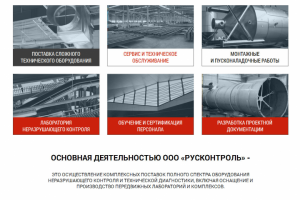 Сайт по сопровождению технических проектов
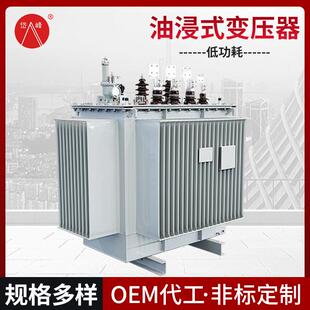 800KVA油浸式 S11 变压器10KV高压变压器供应中能变压器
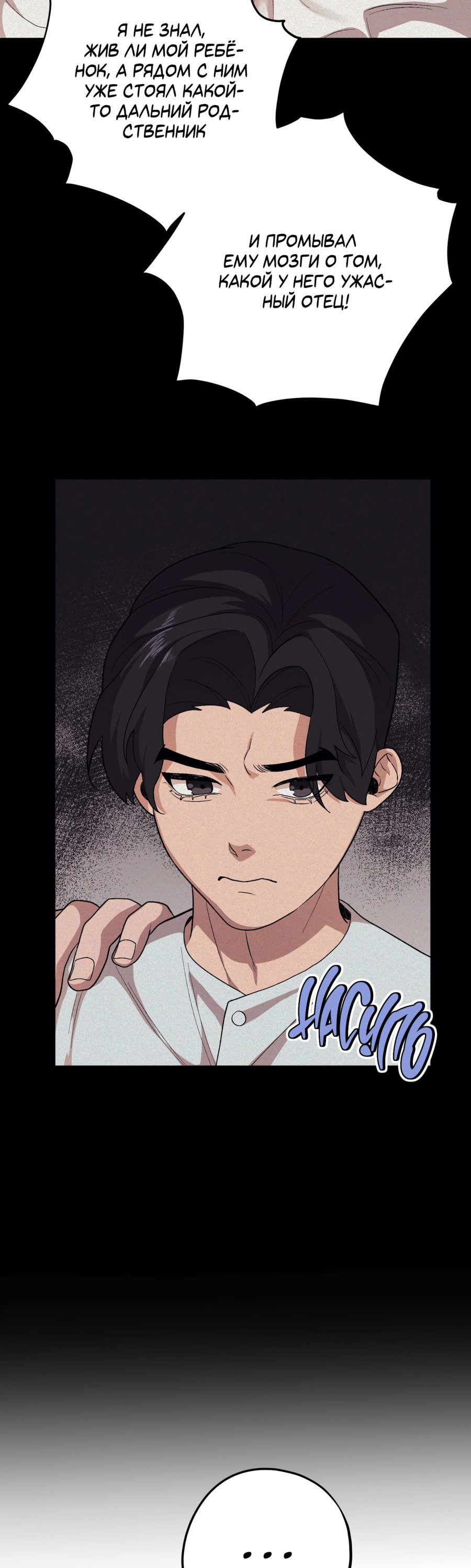 Манга Ису из семьи Кан - Глава 57 Страница 35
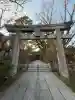 鳥飼八幡宮の{uncategorized: "未分類", other: "その他", undefined: "問題あり", building: "その他建物", grave: "お墓", sacred_gate: "鳥居", guardian: "狛犬", statue: "像", buddha: "仏像", history: "歴史", nature: "自然", garden: "庭園", animal: "動物", pagoda: "塔", temizu: "手水舎", mountain_gate: "山門・神門", sanctuary: "本殿・本堂", subordinate: "末社・摂社", art: "芸術", scenery: "景色", jizo: "地蔵", ema: "絵馬", goshuin: "御朱印", omikuji: "おみくじ", items: "授与品その他", amulet: "お守り", goshuincho: "御朱印帳", eats: "食事", festival: "お祭り", votive_dance: "神楽", shichigosan: "七五三参", wedding: "結婚式", experience: "体験その他", initially: "初詣", around: "周辺", anti_infection: "感染症対策"}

• **The task**: When you repeat the data, keep it exact and drop every picture.

• **Expected answer**:
 Сайт по сопровождению технических проектов
 800KVA油浸式 S11 变压器10KV高压变压器供应中能变压器
 Манга Ису из семьи Кан - Глава 57 Страница 35
 鳥飼八幡宮の{uncategorized: "未分類", other: "その他", undefined: "問題あり", building: "その他建物", grave: "お墓", sacred_gate: "鳥居", guardian: "狛犬", statue: "像", buddha: "仏像", history: "歴史", nature: "自然", garden: "庭園", animal: "動物", pagoda: "塔", temizu: "手水舎", mountain_gate: "山門・神門", sanctuary: "本殿・本堂", subordinate: "末社・摂社", art: "芸術", scenery: "景色", jizo: "地蔵", ema: "絵馬", goshuin: "御朱印", omikuji: "おみくじ", items: "授与品その他", amulet: "お守り", goshuincho: "御朱印帳", eats: "食事", festival: "お祭り", votive_dance: "神楽", shichigosan: "七五三参", wedding: "結婚式", experience: "体験その他", initially: "初詣", around: "周辺", anti_infection: "感染症対策"}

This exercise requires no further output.